Another definition of sustainability therefore emphasises the feedback loops with an entire system in the biosphere [7], which can be described for example by information theory [8]:
“Sustainability can be operationally defined as a feasible set of flows (such as materials, energy, people, information, currency) that can be sustained despite changes in the environment” [7].
Approaches such as this recognise that every living being leaves a footprint that causes change, and such theories
- give us tools to understand how systems reconfigure themselves in response to change,
- and how robust or vulnerable systems are to these changes.
For example, it makes sense for a government to set a maximum amount for each pollutant that factories are allowed to discharge into a river. However, the concentrations of these pollutants in water are not the parameters that tell us how vulnerable the natural system really is. In fact, it is often difficult to see the dynamics of the natural system and to answer the question: How do we know when we are about to become unsustainable?
Instead of going into more detail about how information theory finds such crucial parameters, I give a current example of fisheries in Europe.

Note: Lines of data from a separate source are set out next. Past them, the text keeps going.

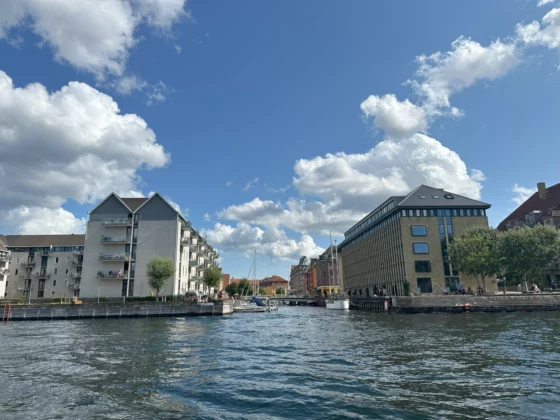 Kopenhagen im Sommer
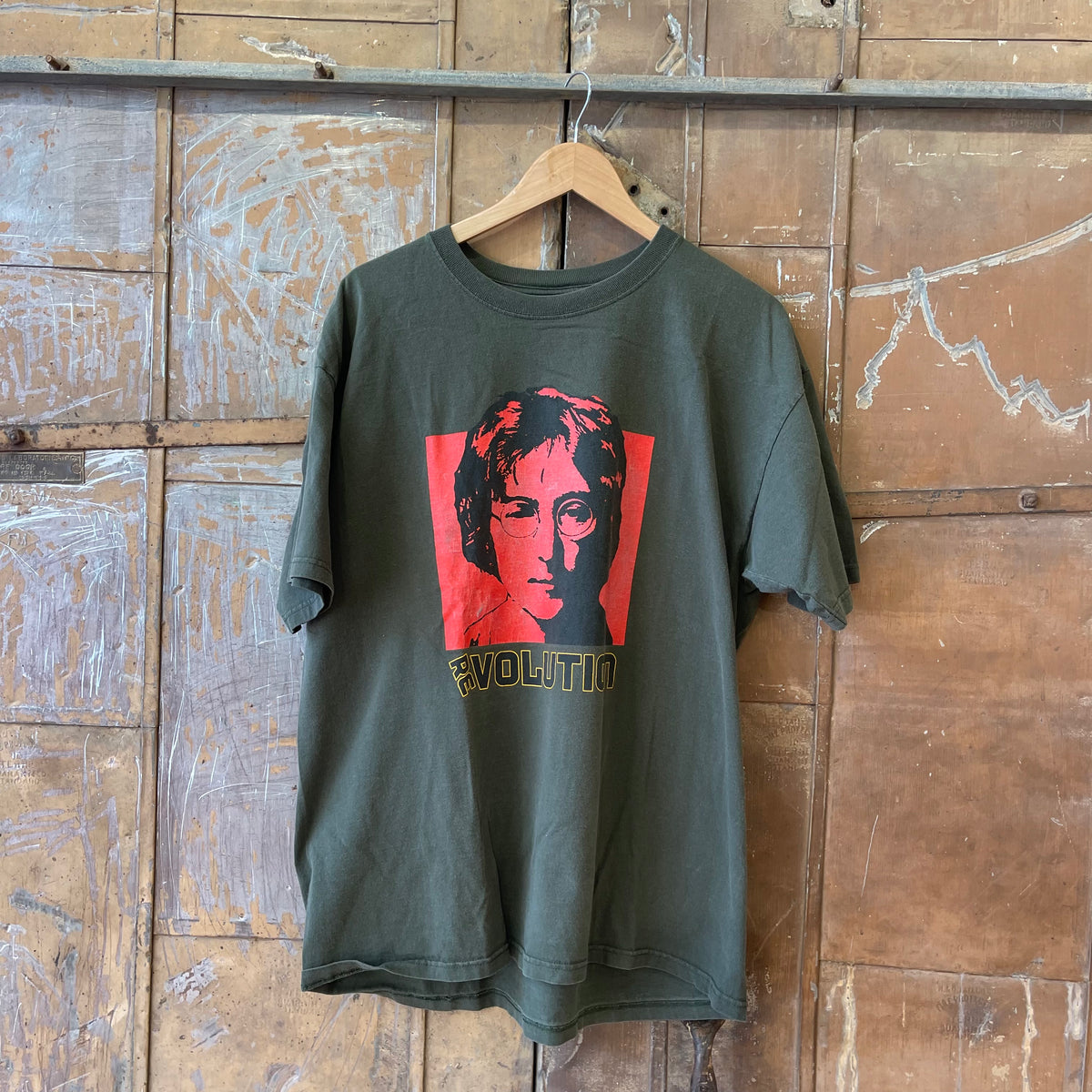 John Lenon Revolution Tee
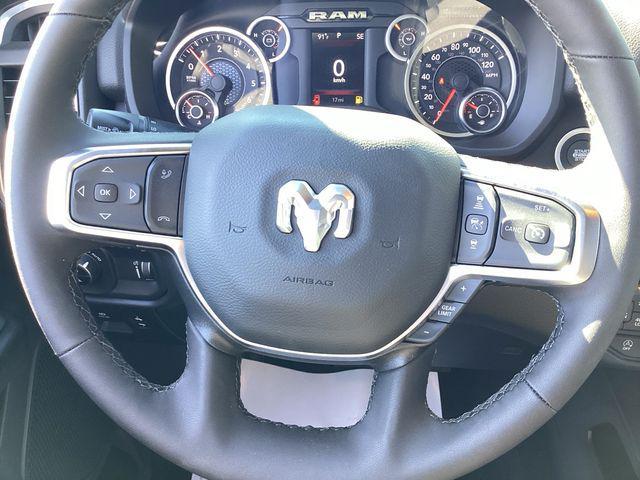 new 2026 Ram 1500 car, priced at $49,169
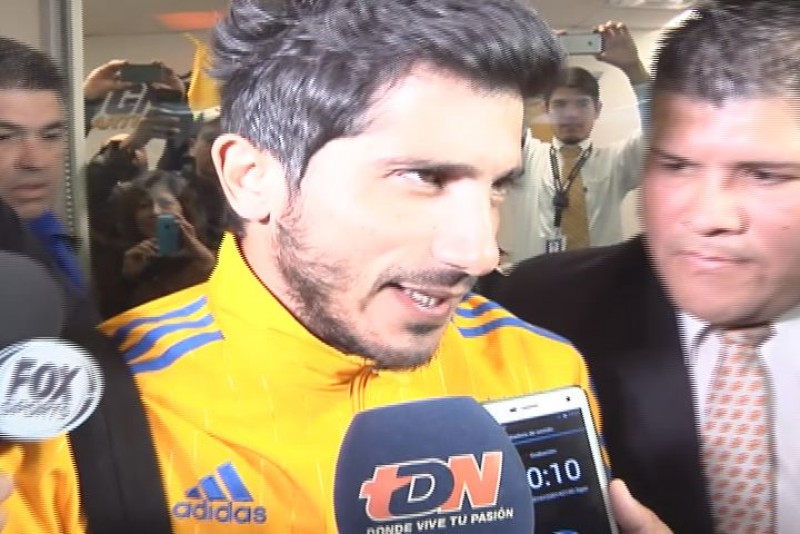 Tigres viaja con anticipación a la Ciudad de México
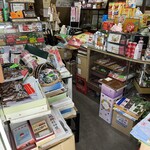 木村屋菓子舗 - 店内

This graph [9] shows in blue the amount of cod commercially caught each year in the western Baltic Sea. It has been declining for 25 years. Every year, the ministers of the EU Council agreed on the amount of allowable catches, which is shown in red. This amount has also declined, and ministers sometimes talk about slashing quota. However, look closely: Their imposed limit was almost always higher than the fishing industry was able to catch, so the EU council maintained in fact unregulated fishery, and catches declined due to overfishing, not due to regulation.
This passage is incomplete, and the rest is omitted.